Working within the Homotopy Calculus setting, the recent paper of Arone and M. Ching signals a new level of sophistication with respect to our understanding of how to reconstruct a Tayor tower from the symmetric sequence that determines its layers. Firstly, the symmetric sequence $d_*(I_C)$ of the identity functor on C will be an operad in the category Sp(C) of symmetric C-spectra. For example, when C is Top, one gets a geometric version of the Lie operad. Secondly, given a functor $F: C --> D$, the symmetric sequence $d_*(F)$ will be a right $d_*(I_C)$--module and a left $d_*(I_D)$--module. There is a comparison of the Tayor tower with a tower constructed solely using these operad module structures, with the difference measured by Tate constuctions. Conjecturally this story will generalize to other situations, e.g. that of Andre-Quillen Calculus, where some investigations are ongoing by M. Mandell and M. Basterra. Furthermore, analysis of the suspension functor $C --> Sp(C)$ and its right adjoint seems to suggest beautiful connections with the theory of Koszul duality of operads as developed by B. Fresse and others.

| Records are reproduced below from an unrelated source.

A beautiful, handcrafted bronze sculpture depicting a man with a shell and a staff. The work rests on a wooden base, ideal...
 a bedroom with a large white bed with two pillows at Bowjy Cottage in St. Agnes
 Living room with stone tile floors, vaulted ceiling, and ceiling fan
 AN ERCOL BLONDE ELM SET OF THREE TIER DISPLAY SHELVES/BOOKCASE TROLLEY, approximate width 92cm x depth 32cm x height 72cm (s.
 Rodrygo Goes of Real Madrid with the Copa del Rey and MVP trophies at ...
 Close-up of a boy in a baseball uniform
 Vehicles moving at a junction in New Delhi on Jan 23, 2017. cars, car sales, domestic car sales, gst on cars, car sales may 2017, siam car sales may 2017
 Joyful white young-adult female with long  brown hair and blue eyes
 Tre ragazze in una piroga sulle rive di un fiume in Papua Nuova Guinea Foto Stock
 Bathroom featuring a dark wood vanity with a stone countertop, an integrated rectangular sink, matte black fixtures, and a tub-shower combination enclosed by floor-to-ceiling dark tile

In a more geometric context, let O(M) be the category of open subsets of a smooth manifold M. Given another manifold N, the space of immersions functor, $Imm( ,N): O(M)^{op} --> Top$, sends pushouts to pullbacks. By constrast, the space of embeddings functor, $Emb( ,N)$, has less favorable local-to-global behavior. However, the Embedding Calculus of Goodwillie and Weiss offers a systematic way to pass from immersions to embeddings. There has been interesting work in this area by Arone, V. Lambrechts, I. Volic, D. Sinha, and V. Turchin, among others. Taking advantage of rational formality properties of operads that appear in the models yields generalizations of Vassiliev's knot invariants to other spaces of embeddings. New understanding of the role of operads here now suggest some very elegant conjectural explicit deloopings of spaces of high dimensional `long knots'. Another idea has emerged in work of Arone: that one can `play off' Embedding and Orthogonal Calculus to learn more about resolutions of embedding spaces.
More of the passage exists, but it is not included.